'''

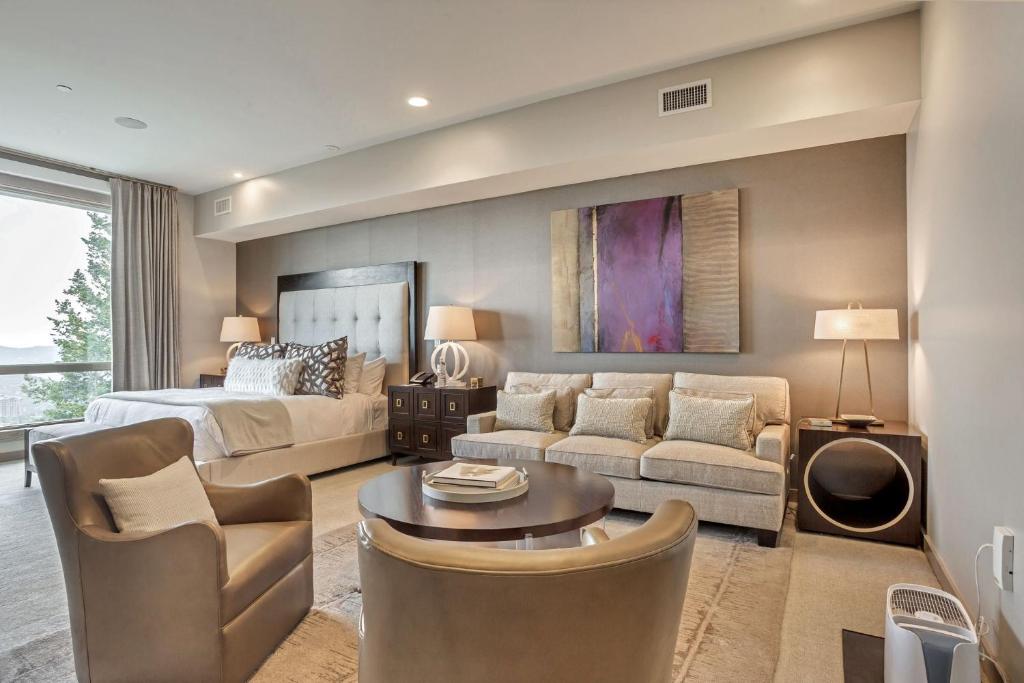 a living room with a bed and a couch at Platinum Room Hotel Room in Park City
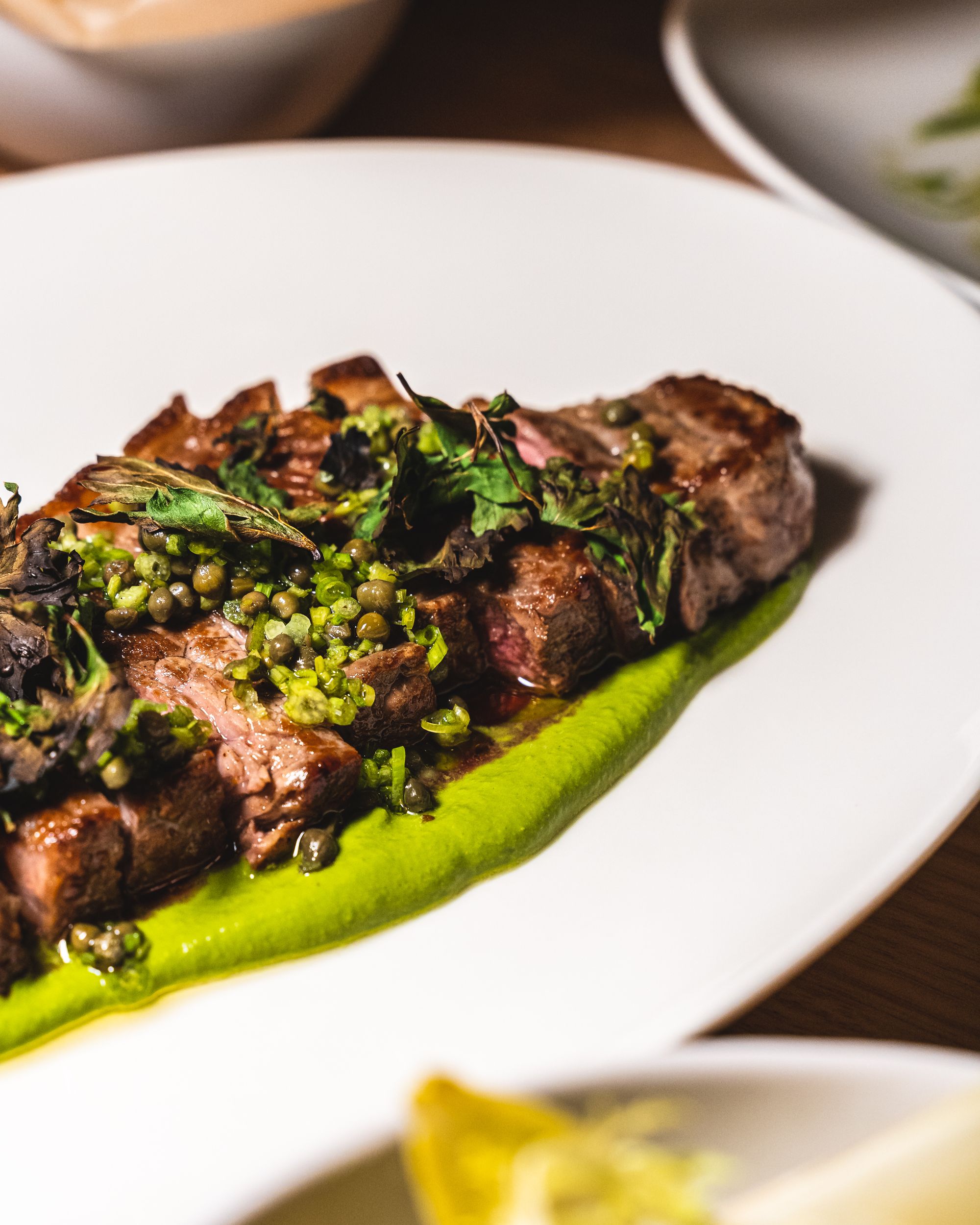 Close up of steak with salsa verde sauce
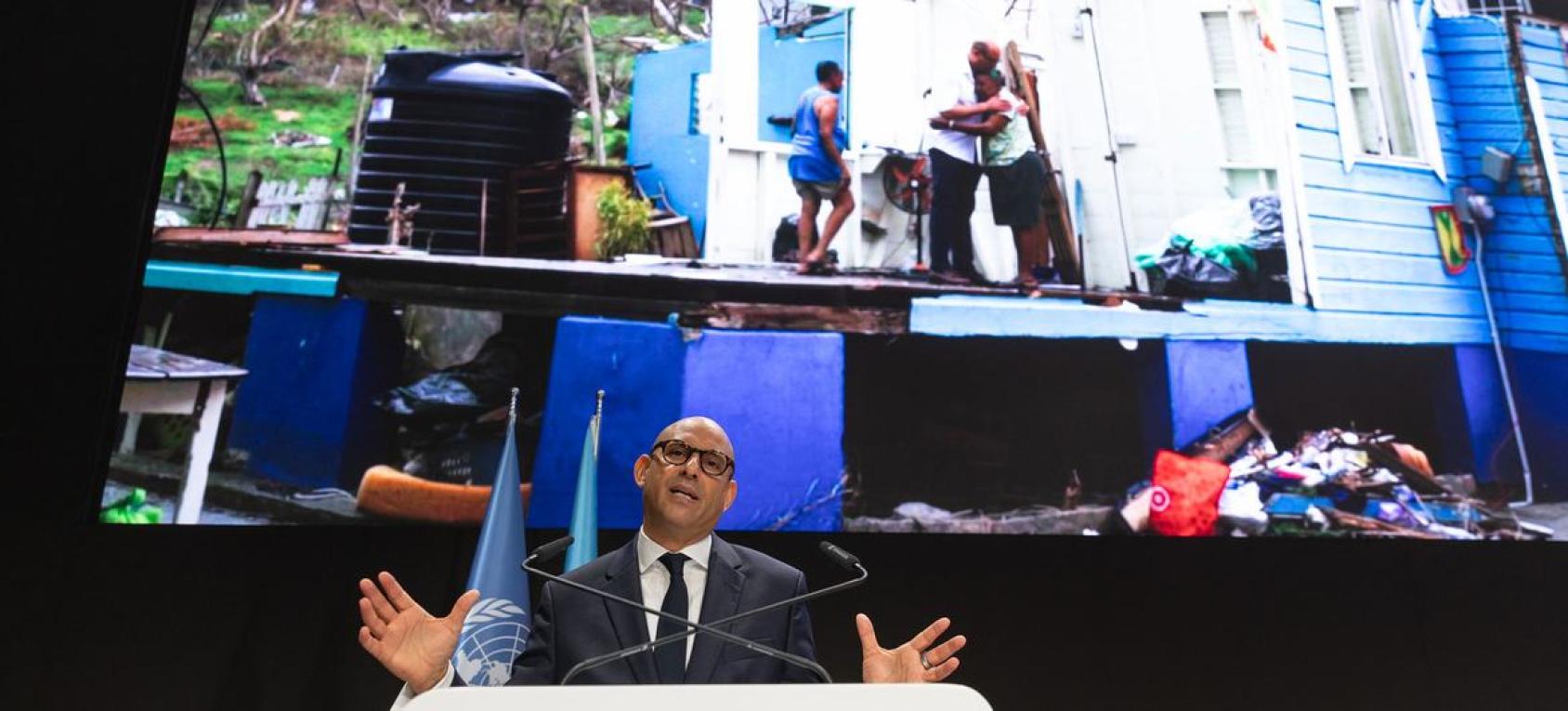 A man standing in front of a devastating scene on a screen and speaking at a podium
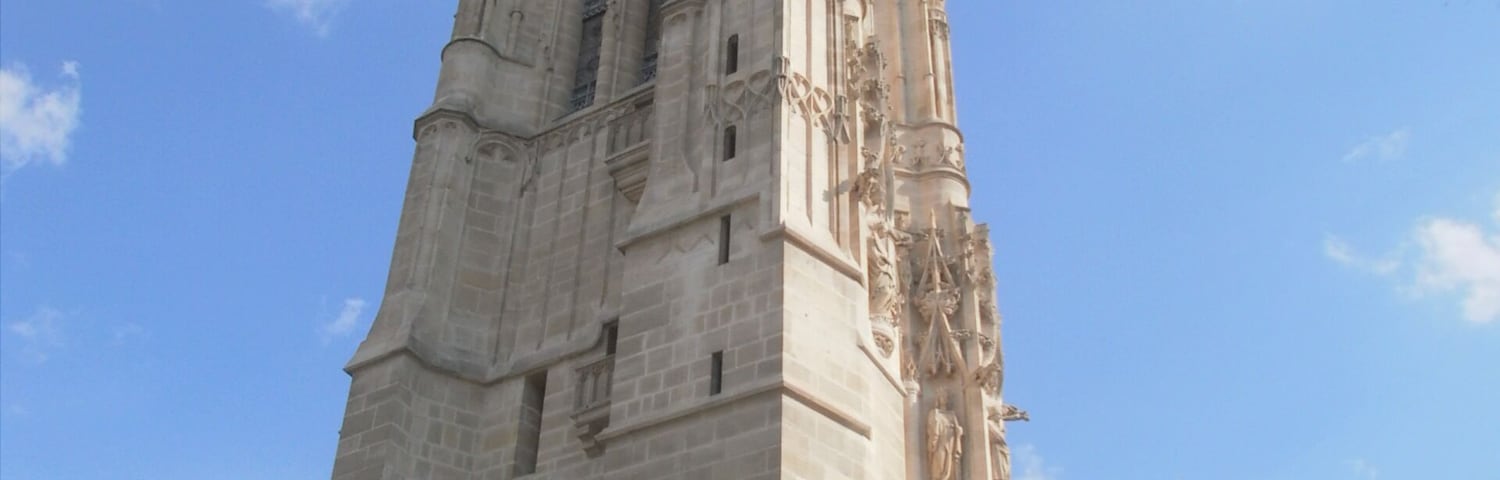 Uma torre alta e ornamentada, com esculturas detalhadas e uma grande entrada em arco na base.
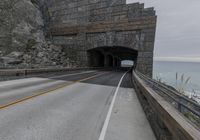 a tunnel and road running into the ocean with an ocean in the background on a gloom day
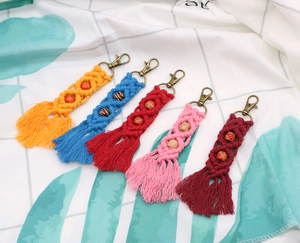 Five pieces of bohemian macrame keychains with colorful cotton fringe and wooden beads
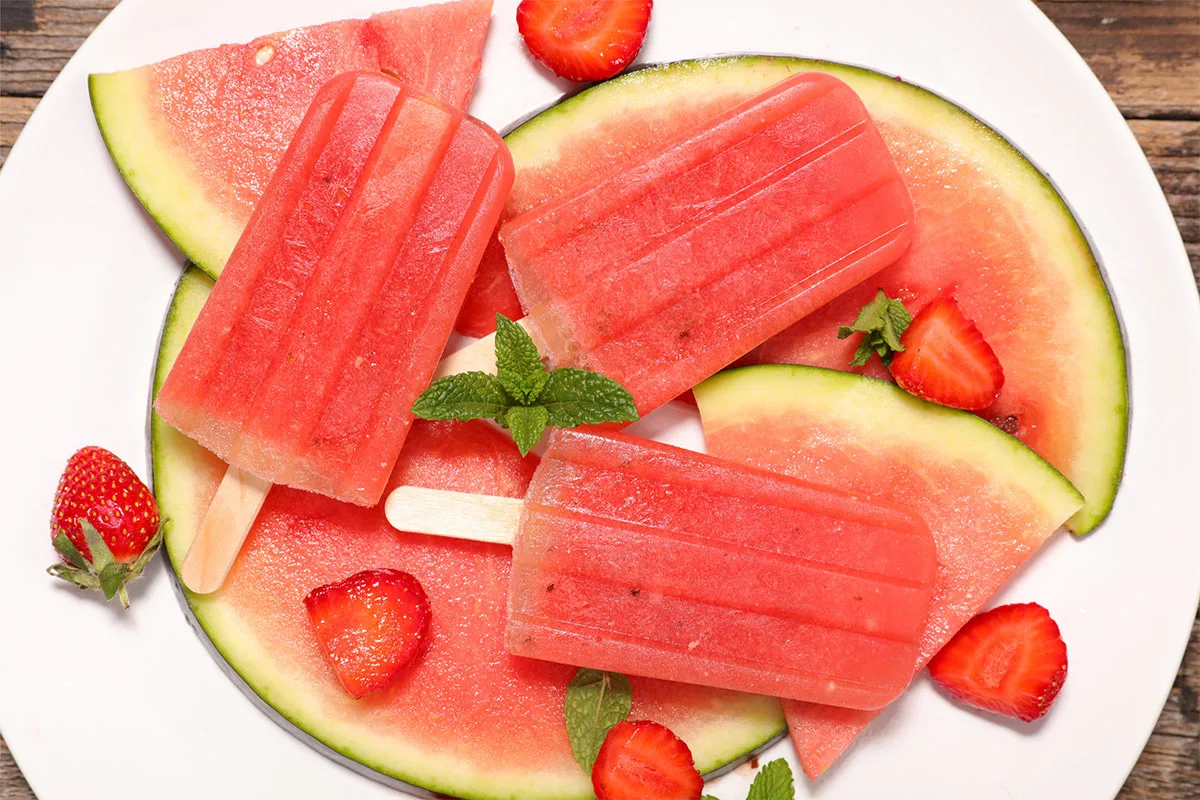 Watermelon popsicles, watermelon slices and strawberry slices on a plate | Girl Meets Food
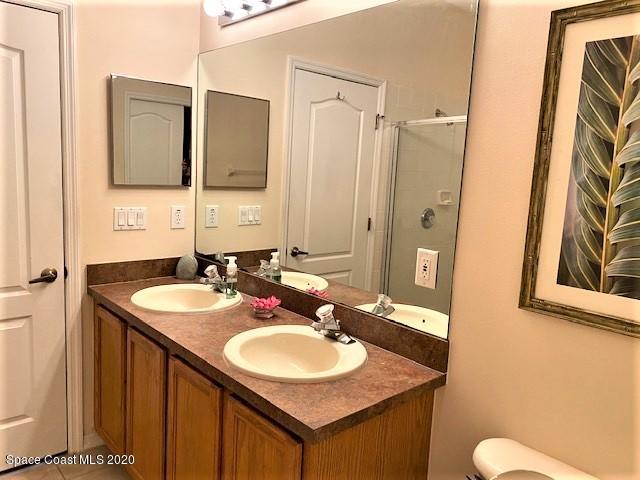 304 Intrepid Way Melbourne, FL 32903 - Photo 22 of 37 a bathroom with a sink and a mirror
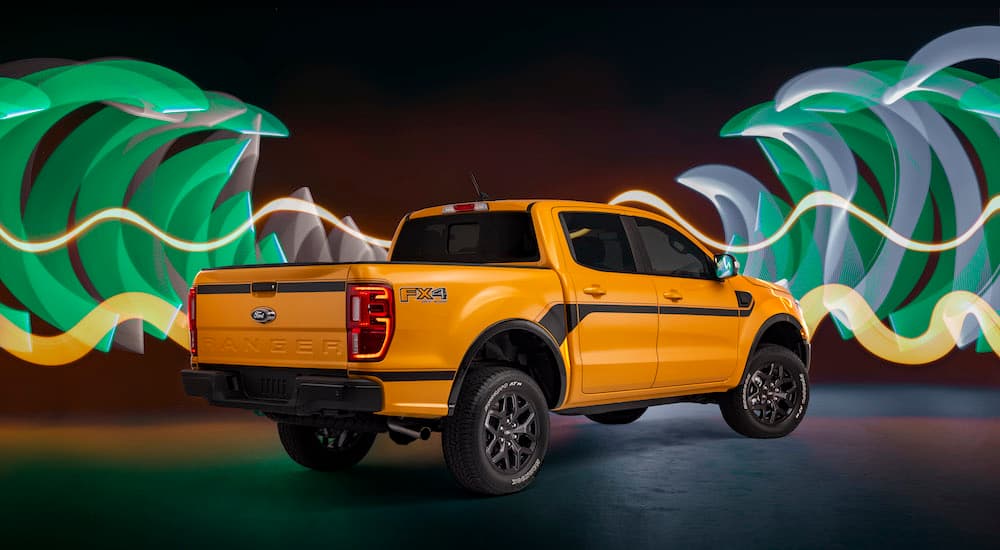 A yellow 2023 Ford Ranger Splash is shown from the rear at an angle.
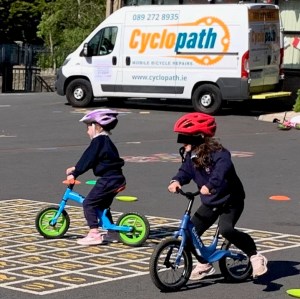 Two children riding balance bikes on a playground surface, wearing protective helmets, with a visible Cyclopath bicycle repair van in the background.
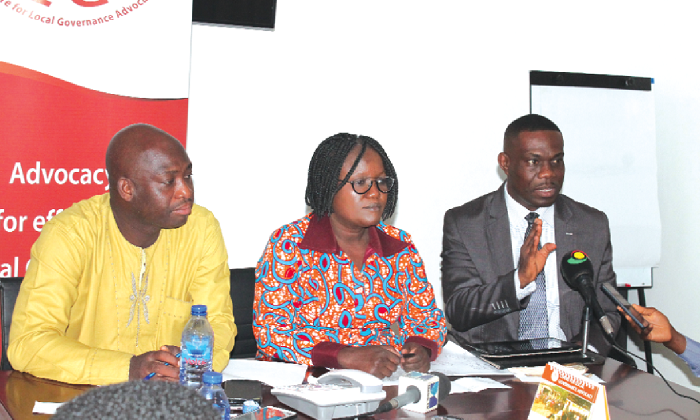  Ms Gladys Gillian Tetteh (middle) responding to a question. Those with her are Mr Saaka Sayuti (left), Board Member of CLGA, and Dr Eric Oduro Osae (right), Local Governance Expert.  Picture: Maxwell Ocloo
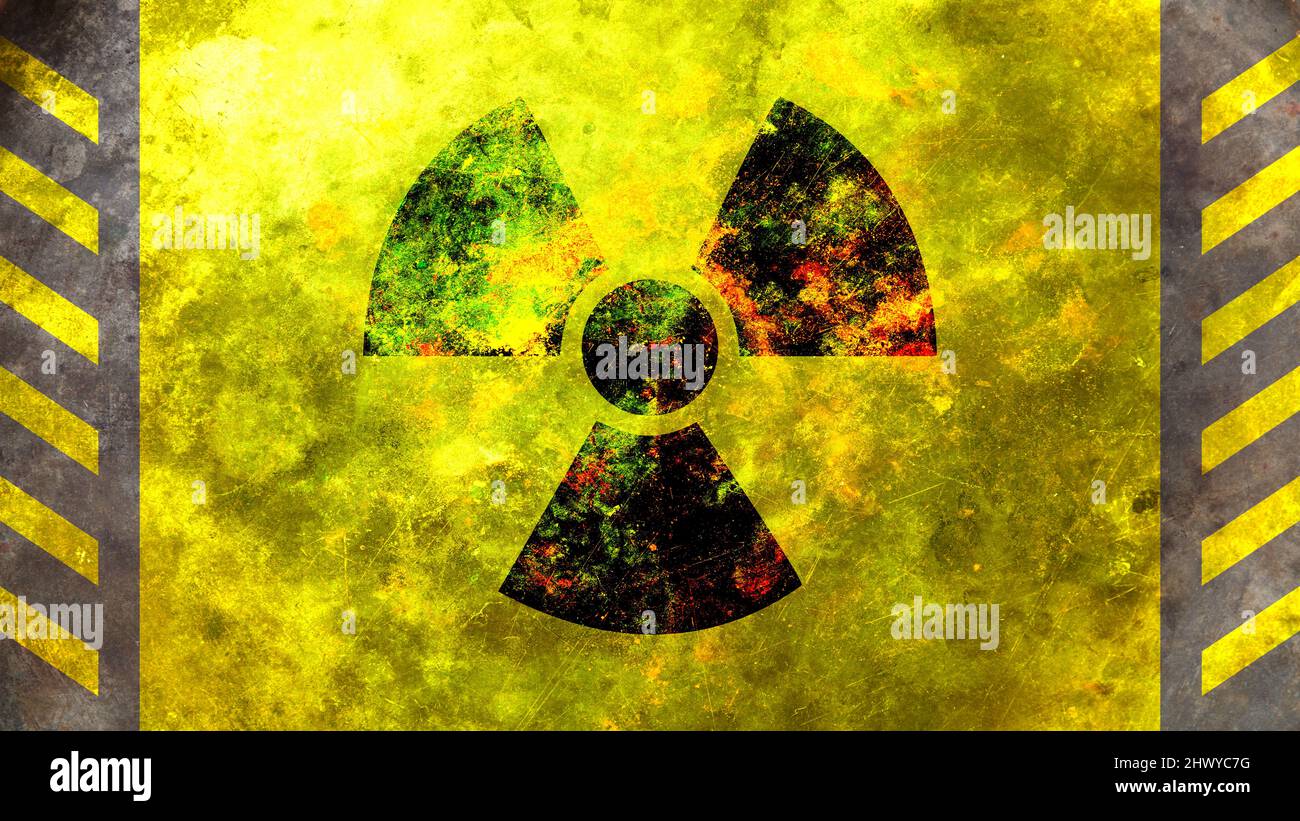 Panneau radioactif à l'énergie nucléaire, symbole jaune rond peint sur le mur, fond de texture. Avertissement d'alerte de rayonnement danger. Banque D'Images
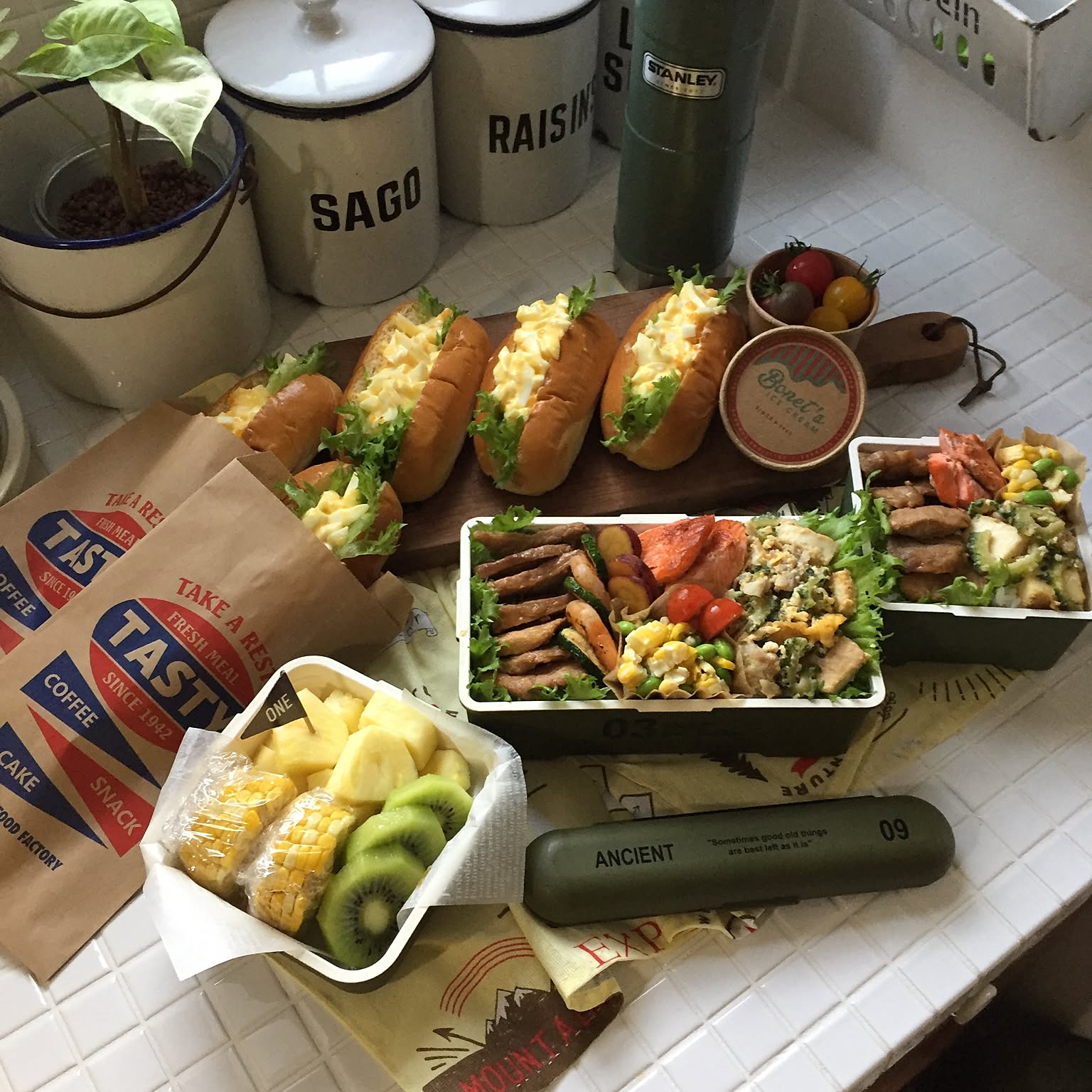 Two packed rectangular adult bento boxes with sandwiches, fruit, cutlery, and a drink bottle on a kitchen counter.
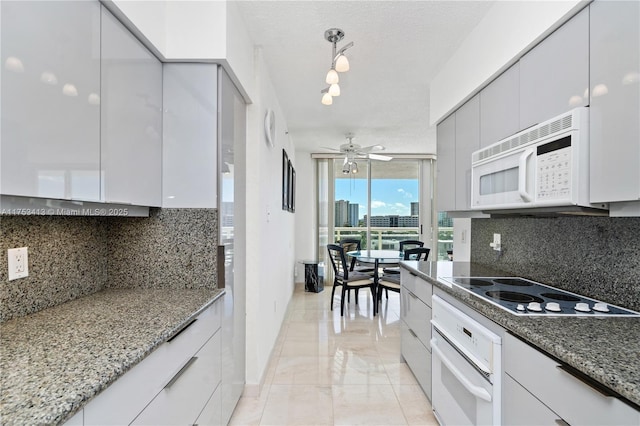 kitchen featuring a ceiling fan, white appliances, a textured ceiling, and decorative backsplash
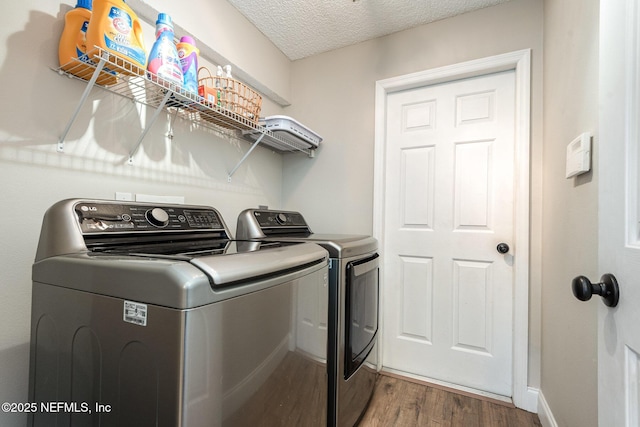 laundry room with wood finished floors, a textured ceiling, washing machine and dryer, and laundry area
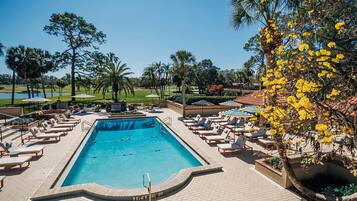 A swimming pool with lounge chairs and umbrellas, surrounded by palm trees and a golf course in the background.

'''

**Your instructions**: The expected output is an exact retyping of the lines from the line with "laundry room with" through the last line of the data, with both ends kept and the pictures dropped.

**Answer space**:
 laundry room with wood finished floors, a textured ceiling, washing machine and dryer, and laundry area
 A swimming pool with lounge chairs and umbrellas, surrounded by palm trees and a golf course in the background.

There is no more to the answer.